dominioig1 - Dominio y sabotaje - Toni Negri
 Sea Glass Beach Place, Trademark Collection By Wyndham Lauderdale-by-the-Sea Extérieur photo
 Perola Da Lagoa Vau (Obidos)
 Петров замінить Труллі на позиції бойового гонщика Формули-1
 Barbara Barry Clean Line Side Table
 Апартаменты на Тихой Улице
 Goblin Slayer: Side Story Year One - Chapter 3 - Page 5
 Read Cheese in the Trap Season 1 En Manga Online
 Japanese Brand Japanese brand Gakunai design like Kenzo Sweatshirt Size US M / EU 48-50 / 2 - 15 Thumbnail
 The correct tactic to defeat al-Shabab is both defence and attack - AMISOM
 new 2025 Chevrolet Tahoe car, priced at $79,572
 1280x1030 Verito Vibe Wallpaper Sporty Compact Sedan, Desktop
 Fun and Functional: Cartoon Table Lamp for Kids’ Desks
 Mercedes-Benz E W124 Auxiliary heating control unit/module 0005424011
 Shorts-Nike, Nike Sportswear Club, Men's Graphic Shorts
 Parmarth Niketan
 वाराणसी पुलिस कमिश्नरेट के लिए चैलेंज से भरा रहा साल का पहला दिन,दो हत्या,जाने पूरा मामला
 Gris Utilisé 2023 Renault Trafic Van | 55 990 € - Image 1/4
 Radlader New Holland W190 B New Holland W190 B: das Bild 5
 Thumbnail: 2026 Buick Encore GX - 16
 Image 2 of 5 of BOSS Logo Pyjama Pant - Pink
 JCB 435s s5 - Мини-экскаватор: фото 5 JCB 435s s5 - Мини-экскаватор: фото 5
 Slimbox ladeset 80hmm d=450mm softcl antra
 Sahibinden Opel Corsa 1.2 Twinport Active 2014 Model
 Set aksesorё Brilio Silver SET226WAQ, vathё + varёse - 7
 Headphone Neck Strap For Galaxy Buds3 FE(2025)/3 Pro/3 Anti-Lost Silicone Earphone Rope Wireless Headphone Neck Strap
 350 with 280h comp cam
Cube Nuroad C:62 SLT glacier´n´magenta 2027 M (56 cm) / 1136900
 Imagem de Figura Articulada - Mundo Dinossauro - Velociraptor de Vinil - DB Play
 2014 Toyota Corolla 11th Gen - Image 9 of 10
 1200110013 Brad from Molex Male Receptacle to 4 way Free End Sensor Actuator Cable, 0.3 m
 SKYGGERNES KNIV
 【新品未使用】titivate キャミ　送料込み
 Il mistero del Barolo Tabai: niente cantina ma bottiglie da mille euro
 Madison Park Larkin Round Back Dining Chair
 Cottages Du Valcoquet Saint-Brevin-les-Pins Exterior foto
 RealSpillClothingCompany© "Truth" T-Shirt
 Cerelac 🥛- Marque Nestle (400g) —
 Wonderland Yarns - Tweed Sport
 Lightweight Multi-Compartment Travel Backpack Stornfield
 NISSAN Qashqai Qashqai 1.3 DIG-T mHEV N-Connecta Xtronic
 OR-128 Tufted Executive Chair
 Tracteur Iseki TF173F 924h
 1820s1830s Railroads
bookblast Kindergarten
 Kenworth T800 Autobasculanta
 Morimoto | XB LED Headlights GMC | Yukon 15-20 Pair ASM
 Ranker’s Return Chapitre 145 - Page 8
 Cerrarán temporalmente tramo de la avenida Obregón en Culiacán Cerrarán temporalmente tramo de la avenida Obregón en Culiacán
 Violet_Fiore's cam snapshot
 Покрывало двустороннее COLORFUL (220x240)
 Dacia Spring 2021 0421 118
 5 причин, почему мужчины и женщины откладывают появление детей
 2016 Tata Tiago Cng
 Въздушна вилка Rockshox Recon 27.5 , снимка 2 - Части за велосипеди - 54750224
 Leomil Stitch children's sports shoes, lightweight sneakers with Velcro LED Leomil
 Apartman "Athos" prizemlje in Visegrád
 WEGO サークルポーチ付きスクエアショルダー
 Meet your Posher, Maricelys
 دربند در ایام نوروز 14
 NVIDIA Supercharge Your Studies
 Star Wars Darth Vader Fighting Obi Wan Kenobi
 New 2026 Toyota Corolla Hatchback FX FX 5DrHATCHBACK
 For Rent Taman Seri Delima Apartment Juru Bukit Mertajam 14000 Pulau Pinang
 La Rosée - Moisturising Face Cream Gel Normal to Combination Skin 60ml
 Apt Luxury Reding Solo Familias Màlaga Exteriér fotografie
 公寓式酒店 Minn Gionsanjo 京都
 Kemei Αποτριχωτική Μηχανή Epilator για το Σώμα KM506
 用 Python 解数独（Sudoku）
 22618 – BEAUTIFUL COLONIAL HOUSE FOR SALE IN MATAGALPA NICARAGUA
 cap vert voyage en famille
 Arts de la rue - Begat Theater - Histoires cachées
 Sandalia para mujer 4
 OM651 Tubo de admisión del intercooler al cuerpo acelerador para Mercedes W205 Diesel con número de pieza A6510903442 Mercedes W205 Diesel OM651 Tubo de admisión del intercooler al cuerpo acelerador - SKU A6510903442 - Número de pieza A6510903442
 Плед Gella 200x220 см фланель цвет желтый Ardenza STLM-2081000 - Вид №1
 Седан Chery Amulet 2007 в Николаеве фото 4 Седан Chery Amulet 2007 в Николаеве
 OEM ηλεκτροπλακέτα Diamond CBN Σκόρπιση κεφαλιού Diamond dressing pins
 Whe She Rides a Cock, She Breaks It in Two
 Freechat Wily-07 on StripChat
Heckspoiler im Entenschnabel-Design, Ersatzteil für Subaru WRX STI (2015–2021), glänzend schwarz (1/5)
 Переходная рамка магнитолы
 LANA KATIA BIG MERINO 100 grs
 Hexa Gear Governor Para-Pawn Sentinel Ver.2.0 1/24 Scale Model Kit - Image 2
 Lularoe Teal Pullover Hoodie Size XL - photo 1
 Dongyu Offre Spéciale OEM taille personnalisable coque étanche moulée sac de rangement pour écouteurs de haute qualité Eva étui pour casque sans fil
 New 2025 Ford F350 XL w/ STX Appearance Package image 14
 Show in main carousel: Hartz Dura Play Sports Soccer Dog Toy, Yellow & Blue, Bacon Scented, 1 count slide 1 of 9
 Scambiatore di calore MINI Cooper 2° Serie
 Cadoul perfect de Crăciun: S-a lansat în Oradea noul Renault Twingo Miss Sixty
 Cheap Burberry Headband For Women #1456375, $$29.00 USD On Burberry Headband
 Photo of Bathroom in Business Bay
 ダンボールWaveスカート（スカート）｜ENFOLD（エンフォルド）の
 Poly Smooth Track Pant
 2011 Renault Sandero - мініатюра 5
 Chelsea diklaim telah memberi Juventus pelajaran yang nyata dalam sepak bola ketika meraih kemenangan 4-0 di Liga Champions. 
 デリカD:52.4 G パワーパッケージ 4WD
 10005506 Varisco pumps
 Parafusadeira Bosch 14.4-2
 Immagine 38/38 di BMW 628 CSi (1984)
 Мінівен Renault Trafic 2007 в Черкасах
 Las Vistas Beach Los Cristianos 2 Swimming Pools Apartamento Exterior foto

=====

From the first line of the records to the line containing "1280x1030 Verito Vibe", inclusive, transcribe everything exactly and leave out the rest.

### Result below
dominioig1 - Dominio y sabotaje - Toni Negri
 Sea Glass Beach Place, Trademark Collection By Wyndham Lauderdale-by-the-Sea Extérieur photo
 Perola Da Lagoa Vau (Obidos)
 Петров замінить Труллі на позиції бойового гонщика Формули-1
 Barbara Barry Clean Line Side Table
 Апартаменты на Тихой Улице
 Goblin Slayer: Side Story Year One - Chapter 3 - Page 5
 Read Cheese in the Trap Season 1 En Manga Online
 Japanese Brand Japanese brand Gakunai design like Kenzo Sweatshirt Size US M / EU 48-50 / 2 - 15 Thumbnail
 The correct tactic to defeat al-Shabab is both defence and attack - AMISOM
 new 2025 Chevrolet Tahoe car, priced at $79,572
 1280x1030 Verito Vibe Wallpaper Sporty Compact Sedan, Desktop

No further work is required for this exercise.